Implement Get Or Create | Scaling Postgres 328

In this episode of Scaling Postgres, we discuss how to implement get or create, mention a new pgBouncer version, how to alter default privileges, and performing six degrees of separation with Postgres.

Content Discussed

YouTube Video

Podcast Audio

Transcript

It's interesting, how a lot of Application Frameworks have features that work great on small data sizes, but kind of fall apart once you start getting larger data sizes, particularly when you're working with an ORM that has certain features. One of those features is something like rails finding create. So you want to find a record, but then if it isn't there, go ahead and create it for me. Well, our first blog post talks about that and how to make it more efficient and less harmful to postgres in general, particularly if you have a highly active database or just larger in size. But I hope you, your friends, family and coworkers continue to do well.

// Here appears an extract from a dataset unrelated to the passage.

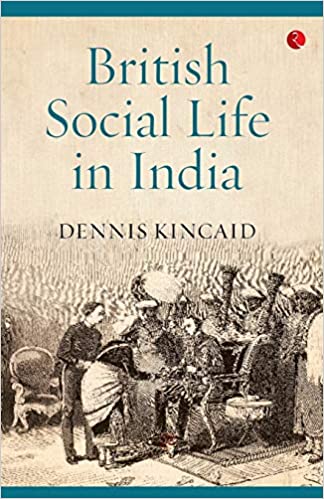 British Social Life In India [RARE BOOKS]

Our first piece of content “How to Get or Create in PostgreSQL” and the subtitle is “And why it is so easy to get wrong”. This is from Hakibenita.com. now forewarning, this is a super long blog post and if you read it, you'll probably spend 15-20 minutes on it. Probably. And as another indication, any blog post with a table of contents you know is going to be quite long as well. So he's basically talking about how to efficiently implement the getting of a record, and if it's not there, go ahead and creating it and returning that value. So in his example, he's using a Tags table and he goes through many different implementations, seeing where they fall down, what problems they potentially cause, etcetera. The first objective he wants is for it to be item potent. In other words, be able to run the command and it shouldn't error out. So if you try to insert a value that already exists, you're going to run into an error compared to when you normally just try to insert something. So to get item potency, the function does a SELECT and then if it found some data, it returns it. If not, it inserts the data along with RETURNING function and that gets returned. So that gives you item potency. But now you've essentially created a Race condition potentially where a different process trying to SELECT and INSERT the same thing could run into an error. And he lists that case right here. So then maybe you could do some exception handling and that will help prevent the Race condition. But depending on how fast things are happening, you could be causing a lot of bloat in your system. So this exception method basically generates bloat. He then tried some sub statements, basically do a select within your insert statement, but that is still subject to erase condition, meaning it doesn't support concurrency very well. So finally gets to the thing that that I was thinking he was going to be talking about is doing an on conflict to do nothing when doing an insert, because that way you can always just tell it to insert something, and if it already exists it will just not give you an error. So it's item potent in that respect, and it helps to avoid bloat as well.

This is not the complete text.